I want to take on a project, but I’m not sure how to handle the updating process.
Normally, when asked to update a site, you back-up the database & site files, then make the updates locally or on a development server. Then when the updates are finished, you push them live.
My problem is that the site I’ll be working on registers new members every day, makes blog posts every day, and gets new comments on those posts every day. If I were to pull the site on Monday, update it in a testing environment, then push those changes live on Friday, every member who signed up and blog entry written during the week would be overwritten.
So what’s the best way to go about doing this? How do I update/add features to a site without losing the data gained on the live site during development? Surely it must be possible, since high-traffic sites like TechCrunch and Gizmodo make huge sitewide updates all the time without losing data.

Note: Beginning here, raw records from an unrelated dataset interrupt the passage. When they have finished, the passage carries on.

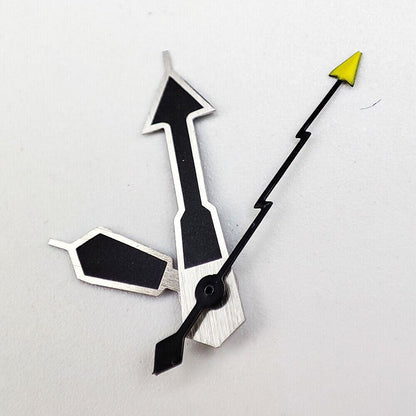 Silver trim black watch hands for NH35A/NH36A/4R36 movement, precise fit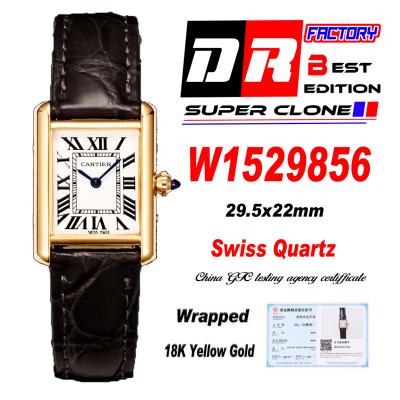 W1529856 Tank Louis S Wrapped Yellow Gold 22mm Swiss Quartz Womens Watch DRF Best Edition White Dial Gray Croc Leather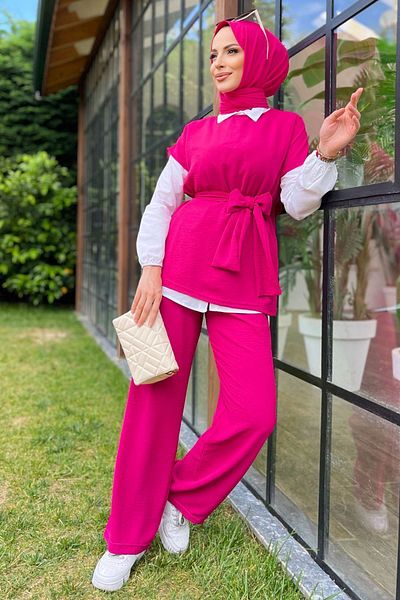 TOFİSA Fuchsia Women's Double Suit - Plain Crew Neck - 11448
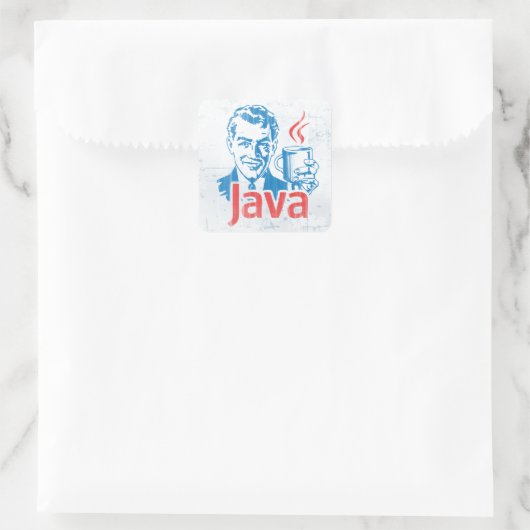 Java-Programmierer Quadratischer Aufkleber (Tasche)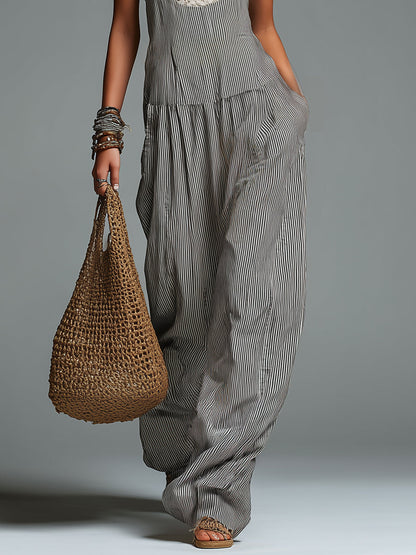 Retro Striped Wide-Leg Overalls (Includes Lace Bandeau)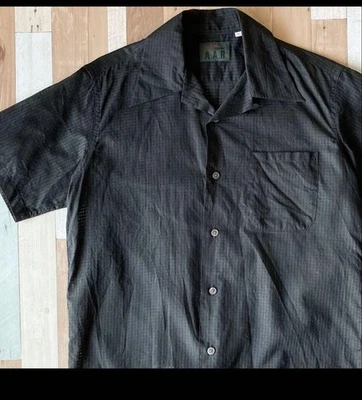 USED YOHJI YAMAMOTO D'URBAN A.A.R OPEN-COLLAR SHIRT, BLACK, VINTAGE GOOD - Image 1 of 4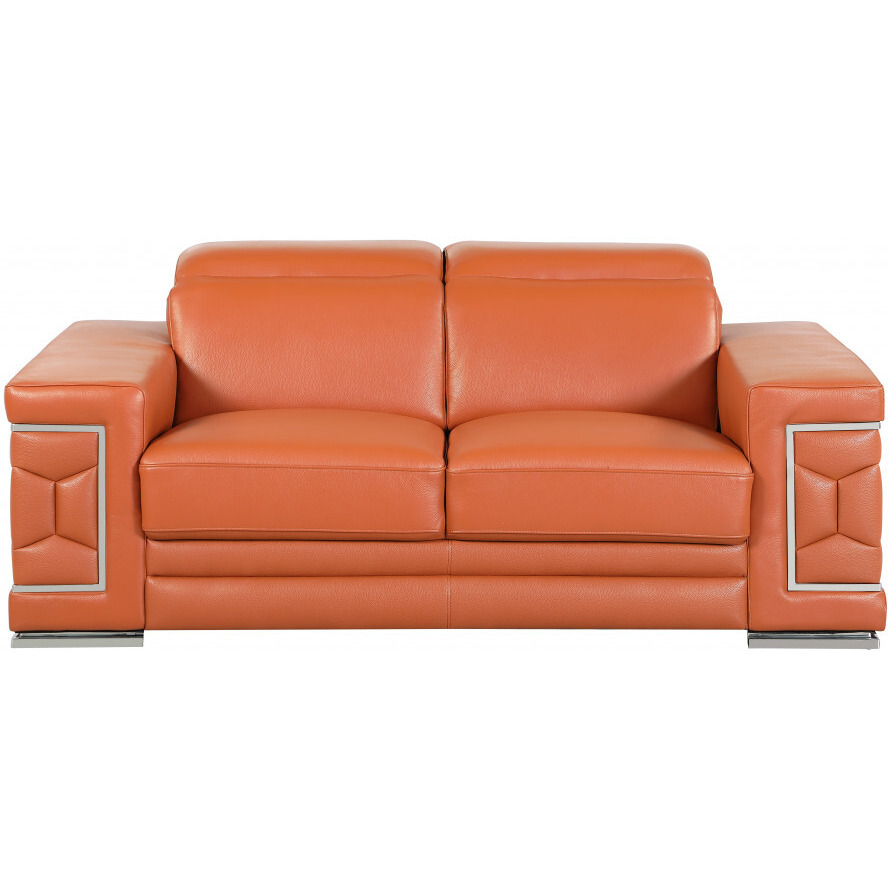 71"" Sturdy Camel Leather Loveseat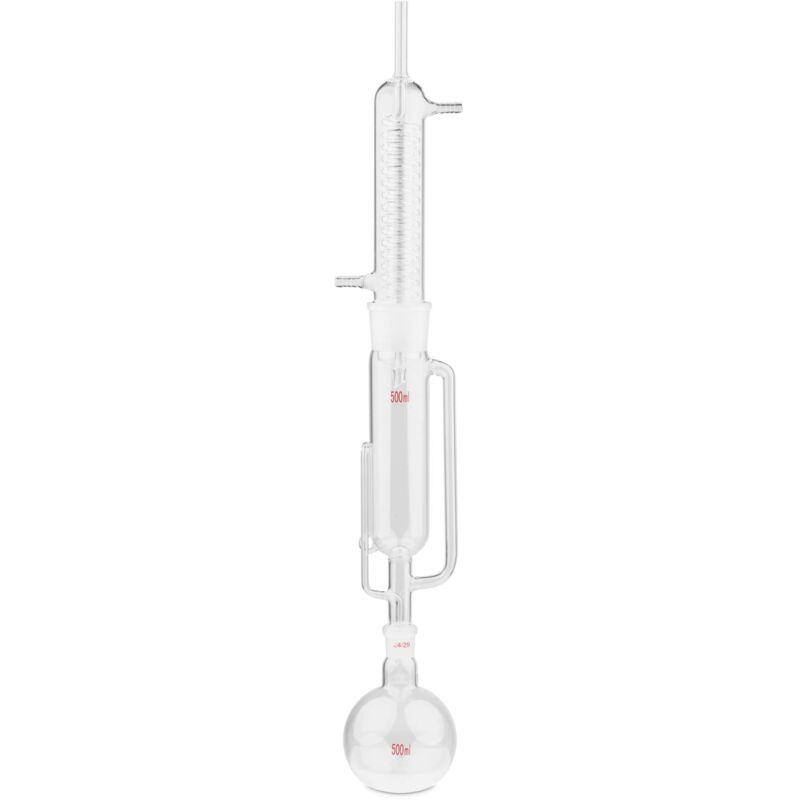 foto del prodotto estrattore soxhlet con condensatore e pallone 500 ml set estrattore soxhlet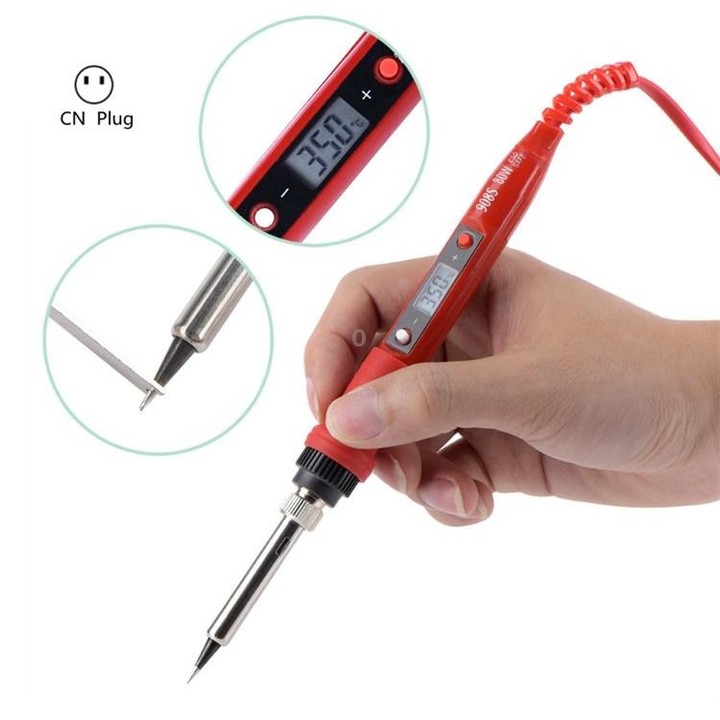 908S 80W LCD Thermostat Soldering Iron Constant Temperature Soldering Iron, Plug Type:CN Plug(Red)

It depends on what changes you're making. Is it file/template changes or database changes?
If it's just file changes, just pull the files and database to your local server, make changes to your files and then just push them (files only) to the live server when done. As long as no database changes have happened, that will work.

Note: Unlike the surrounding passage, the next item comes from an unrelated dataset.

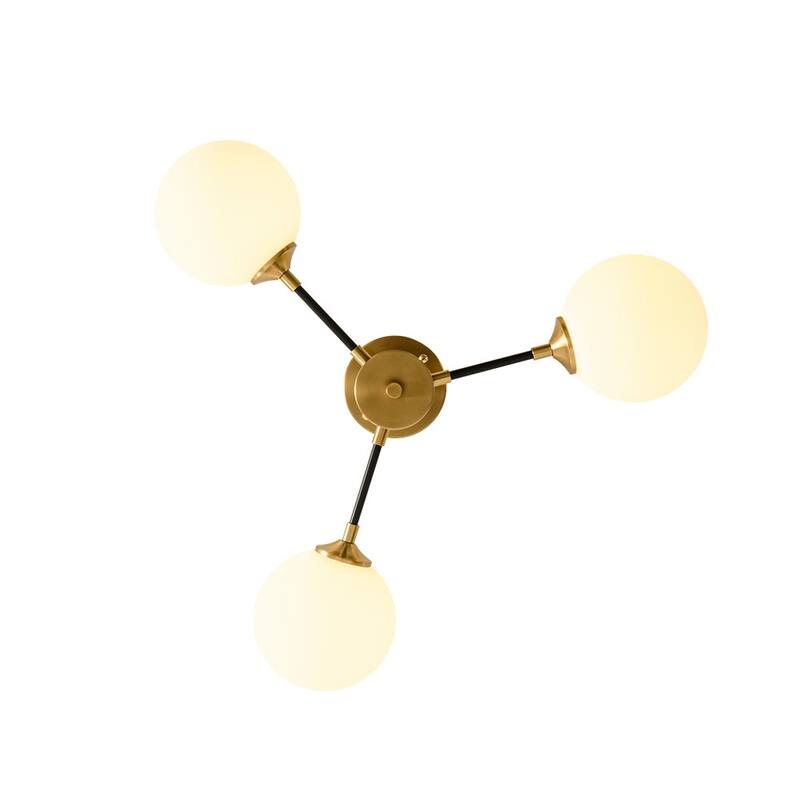 3-Light Brass Black Frosted White Glass Sputnik Semi Flush Mount - 26 Inches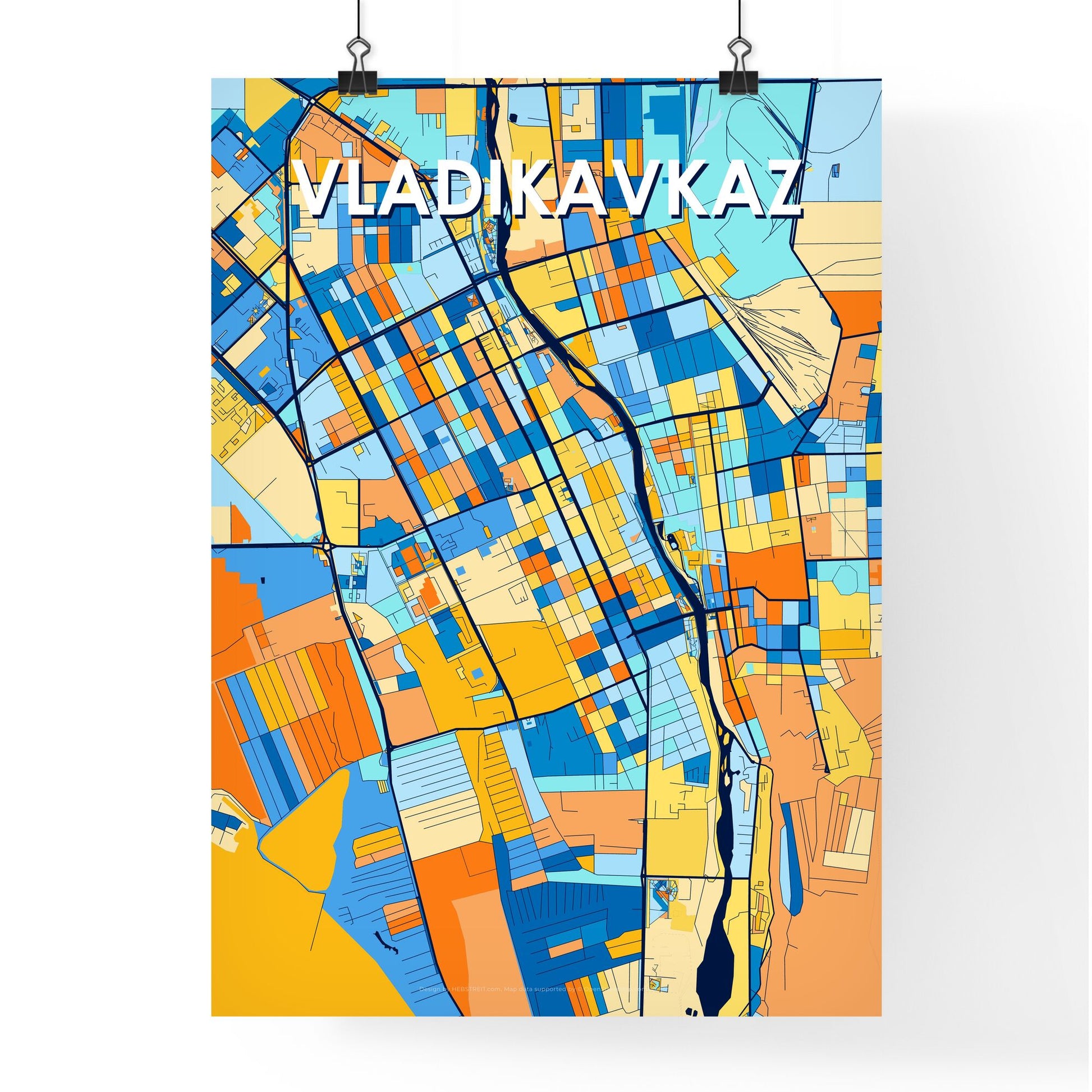 VLADIKAVKAZ RUSSIA Vibrant Colorful Art Map Poster Blue Orange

If there are db changes, things get a bit trickier. You would basically follow the same process, but make note of any db changes you are making on the local site. when everything is ready to be pushed to the live server, you have no other option but to take the site offline for users while you update.

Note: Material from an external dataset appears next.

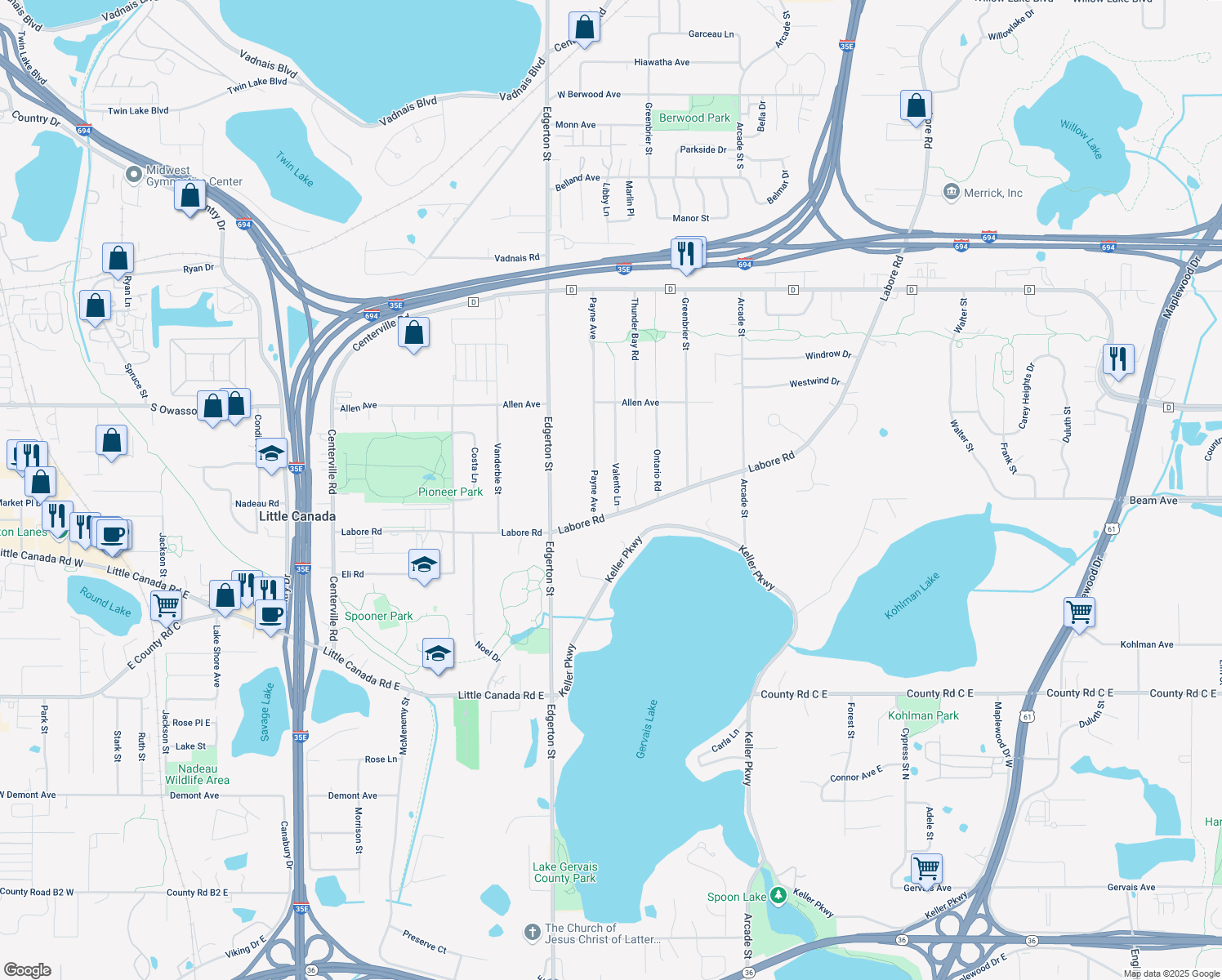 map of restaurants, bars, coffee shops, grocery stores, and more near 2901 Valento Ln in Little Canada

You would then push all updated files to live server, and mirror any db changes you did on the local server (install/update plugins etc). When all that is done and tested, you can then put the site online again. Downtime should be minimal if you have made good notes on db changes.
This is dependant on being able to block access to users but still allow access for yourself, but that's standard with most CMSs.
Also, if you dont already you should look at integrating git into your workflow. If the changes you'll be making take a considerable amount of time you'll need a system in place where you can branch your code off into new versions while still keeping the original state of code that's on the live server.
That way, if there is an urgent fix that needs doing to the live site while your in the middle of developing new features locally, you can switch back to your master/original branch and make changes to the code that doesn't include any of the new stuff you have been working on the other branch.